"""

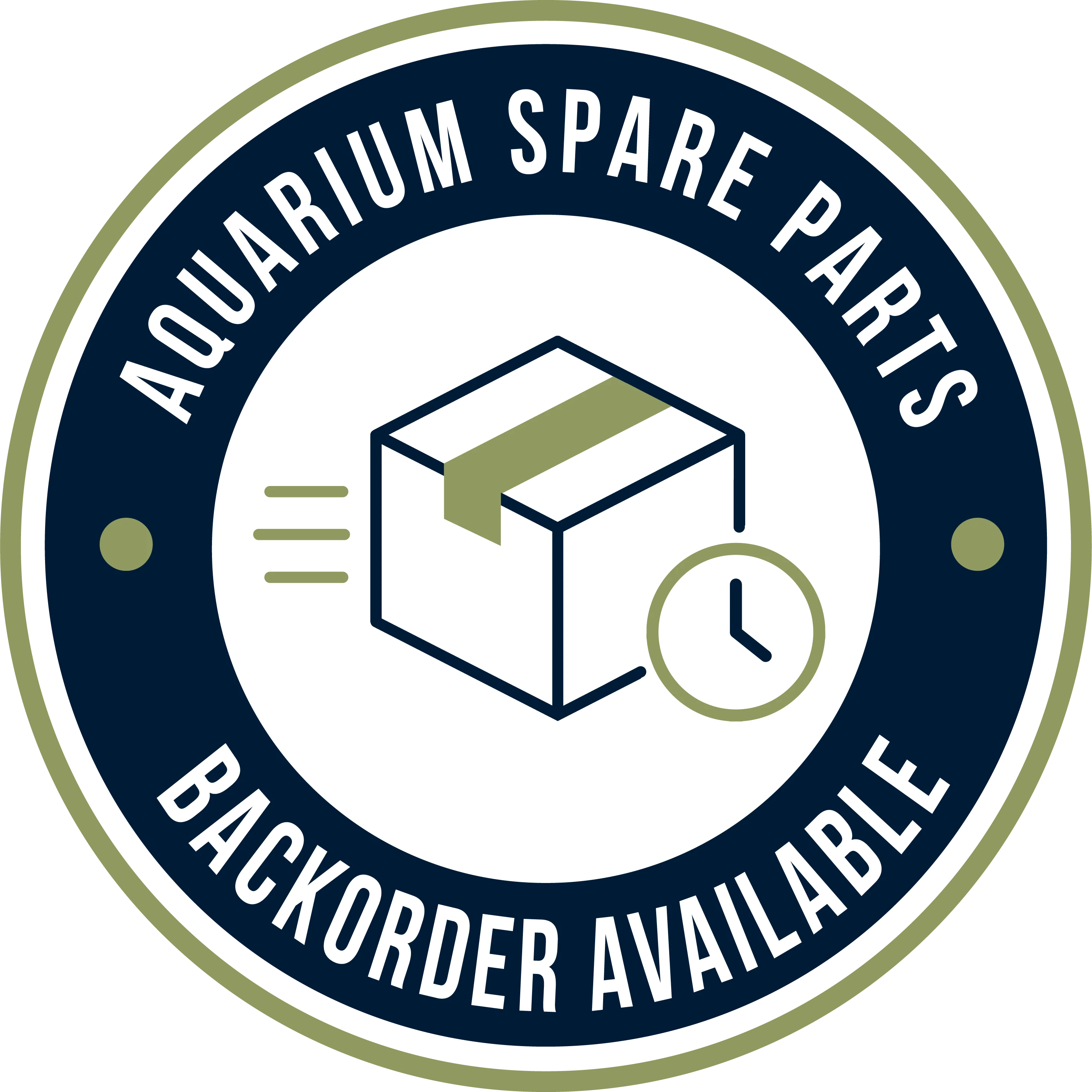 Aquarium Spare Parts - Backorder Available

"""
"""

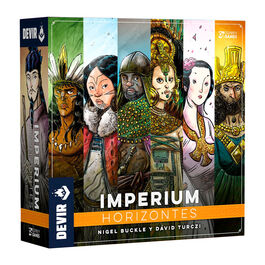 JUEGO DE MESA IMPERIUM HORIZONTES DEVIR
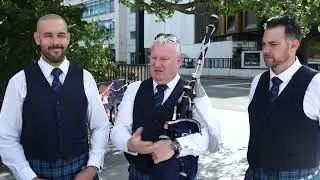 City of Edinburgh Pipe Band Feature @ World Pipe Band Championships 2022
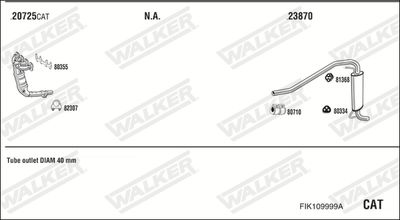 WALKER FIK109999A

"""
"""

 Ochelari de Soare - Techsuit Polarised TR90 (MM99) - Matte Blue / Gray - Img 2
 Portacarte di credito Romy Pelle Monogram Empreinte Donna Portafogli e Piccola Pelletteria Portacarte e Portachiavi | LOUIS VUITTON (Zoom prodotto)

"""

Write out, from the lines above, only those from the line with "Ochelari de Soare" to the line with "Portacarte di credito", exactly as given, including the first and the last.

● OUTPUT OF THE TASK:
 Ochelari de Soare - Techsuit Polarised TR90 (MM99) - Matte Blue / Gray - Img 2
 Portacarte di credito Romy Pelle Monogram Empreinte Donna Portafogli e Piccola Pelletteria Portacarte e Portachiavi | LOUIS VUITTON (Zoom prodotto)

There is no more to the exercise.